Article Figures & Data
Figures
- Figure 1.
Separation of oscillatory and scale-free ECoG. A, Scale-free and oscillatory components of macaque ECoG signals were separated into broadband and narrow-band spectral distributions in the frequency domain. B, From the oscillatory spectrogram, band-limited power fluctuations were extracted from a specific frequency of interest (e.g., alpha). From the scale-free spectrogram, broadband power fluctuations were extracted from either the LF range (1–15 Hz) or the HF range (15–100 Hz).
- Figure 2.
Broadband power correlations for scale-free ECoG. A, Seed-based correlation patterns of the LF BBP and the alpha BLP in eyes-closed wakefulness for macaque C. B, Percentage of significantly correlated pairs of channels (left) and the inhomogeneity of cross-correlations between different channels. The asterisk bracket indicates the statistically significant difference between samples (*p < 0.05, **p < 0.01, ***p < 0.001, paired Wilcoxon signed-rank test for percentage and paired t test for inhomogeneity. C, Pattern of correlation in the LF BBP between every channel and the average across all channels. D, Degree of global correlation across three arousal states. Each line represents one session. Relative to sleep, the global correlation in eyes-closed wakefulness was significantly lower (p = 0.014, paired t test). The global correlation in eyes-open wakefulness was further lower (p = 0.018, paired t test) than that in eyes-closed wakefulness.
- Figure 3.
Cofluctuations of LF-BBP and HF-BBP. A, BBP fluctuations in the LF and HF ranges were correlated by r = 0.47 for one typical ECoG channel. B, Correlations between LF-BBP and HF-BBP for all 128 sensors were displayed as a map (left). Right, Percentage of channels showing a significant correlation between LF-BBP and HF-BBP fluctuations for various arousal states.
- Figure 4.
Power fluctuations and correlations of oscillatory and scale-free MEG. A, Alpha BLP, and LF and HF BBP fluctuations (right) were extracted from the spectrograms of the oscillatory and scale-free components (left), respectively.
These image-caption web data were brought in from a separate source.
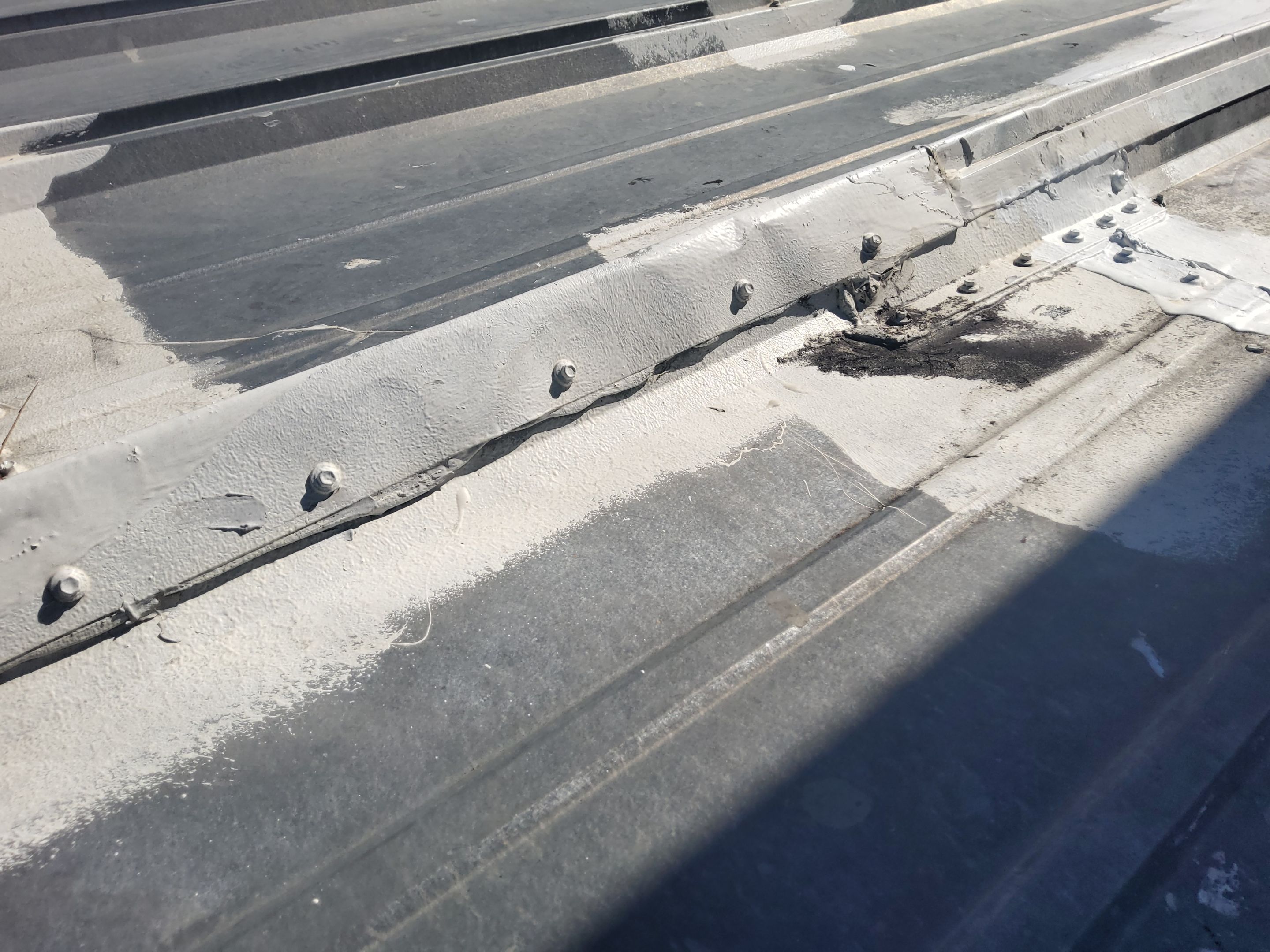 Tractor Supply Roof Repair by iGreen Solutions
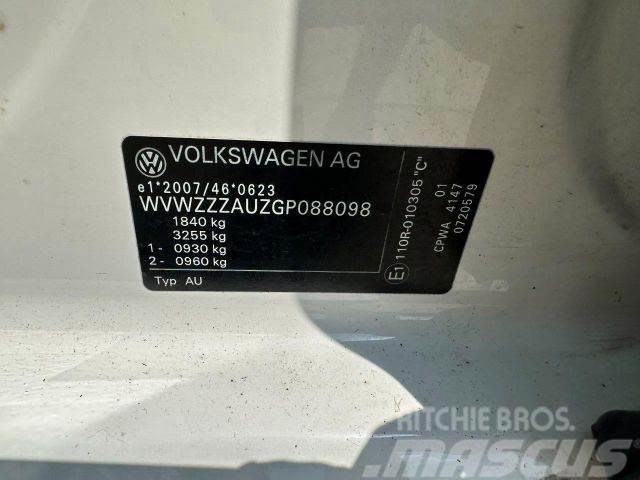 Volkswagen Golf 1.4 TGI BLUEMOTION benzin/CNG vin 098 Автомобілі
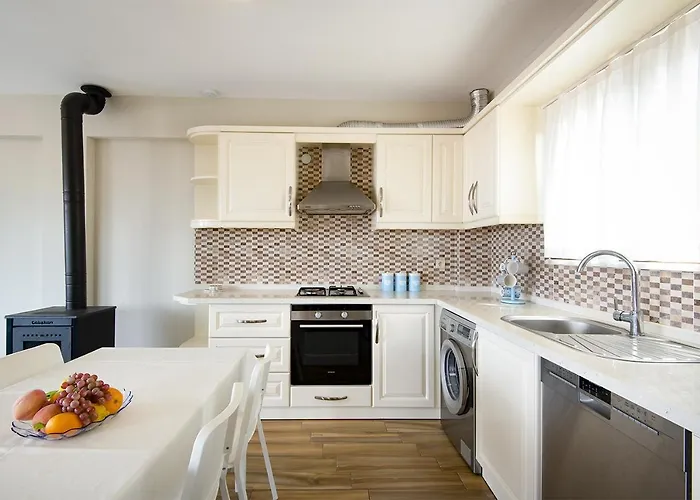 Bodrum Sea View With Access To Private Bogazici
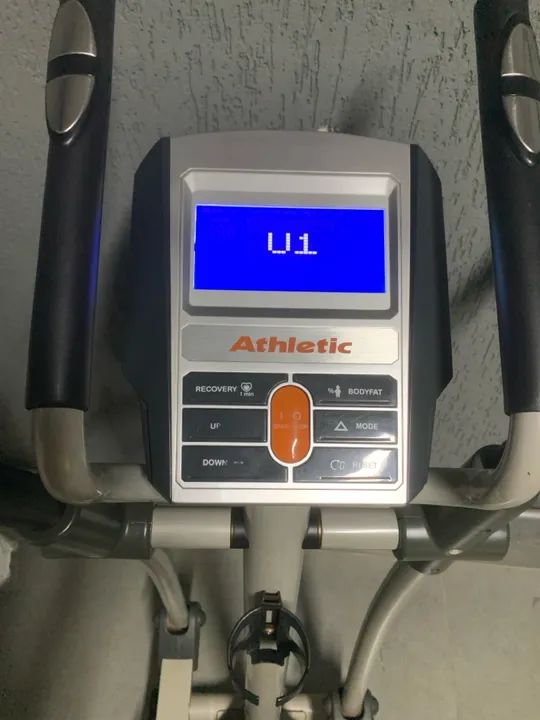 Bicicleta Ergométrica Athletic - Foto 4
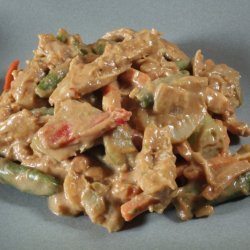 Peanut Chicken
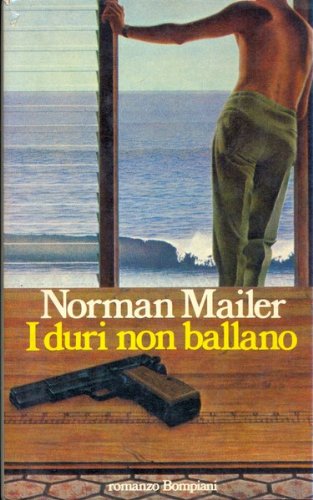 Libro - I duri non ballano - Norman Mailer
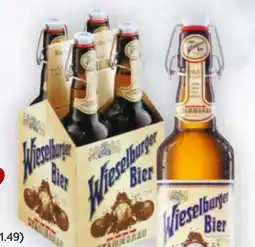 Billa Wieselburger Stammbräu Angebot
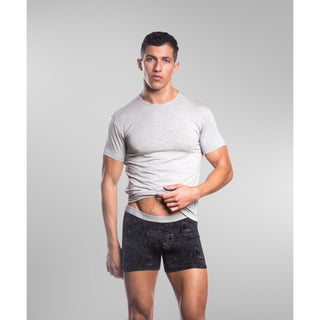 Crew Neck T-Shirt | 3 Pack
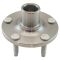 07-14 Ford Edge Front Wheel Hub Pair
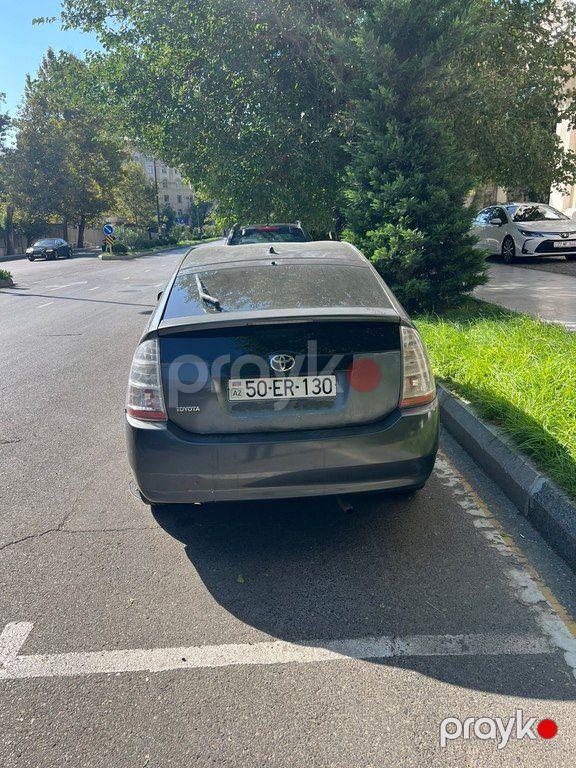 Toyota Prius, 1.5 L, 1.3 kWh, 2008 il, 279 000 km — Avtomobillər, Sumqayıt (3)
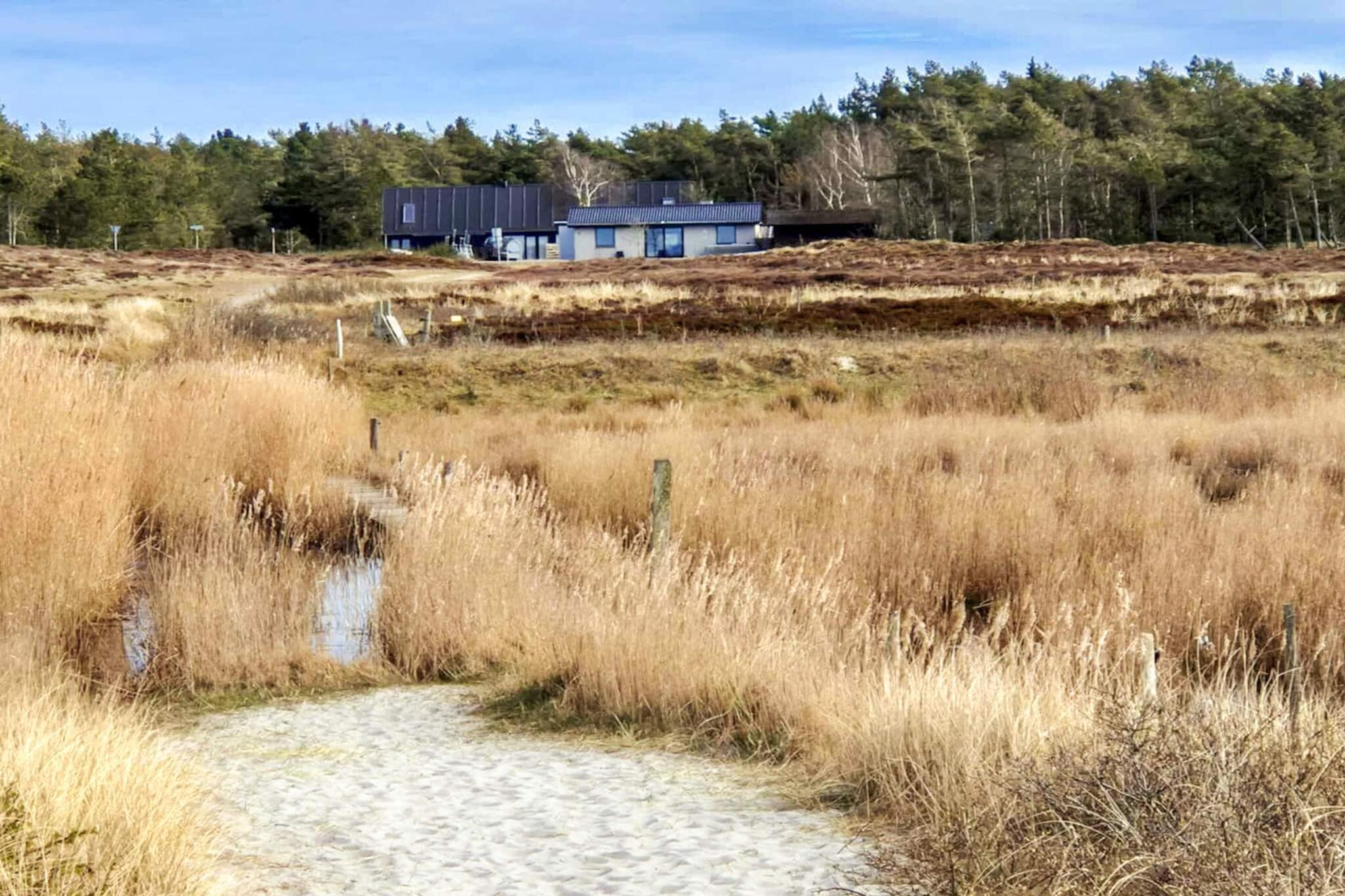 5 persoons vakantie huis in Læsø-Uitzicht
B, Patterns of cross-channel correlations in the alpha BLP or the LF BBP. Each row is a seed-based correlation map displayed as a 2D surface topography.
- Figure 5.
Direct coupling between scale-free EEG and global fMRI. A, Oscillatory and scale-free spectrograms observed with EEG. B, Cross-correlation between the global fMRI and the spectral power fluctuation at every frequency with varying time delay for the oscillatory (top) and scale-free components (bottom). C, Cross-correlations were averaged across frequencies to yield a linear transfer function to relate oscillatory (blue) or scale-free (red) EEG fluctuation to global fMRI activity. The asterisk bracket indicates the statistically significant difference between the two correlation functions within the specified ranges of time delay (*p < 0.001, paired t test).
- Figure 6.
Correlation between fMRI signals and the power fluctuations of scale-free and oscillatory EEG. A, B, Cross-correlations between LF-BBP, HF-BBP, alpha-BLP at every channel and the global fMRI signal as fMRI delayed from EEG by 5 s (A) or 12.5 s (B). Channels with significant or nonsignificant correlation are marked as dark versus gray dots. C, D, Cross-correlations between the global LF-BBP, HF-BBP, alpha-BLP, and the fMRI signal at every voxel as fMRI delayed from EEG by 5 s (C) or 12.5 s (D). Colored bars indicate the correlation coefficient after the Fisher's transformation.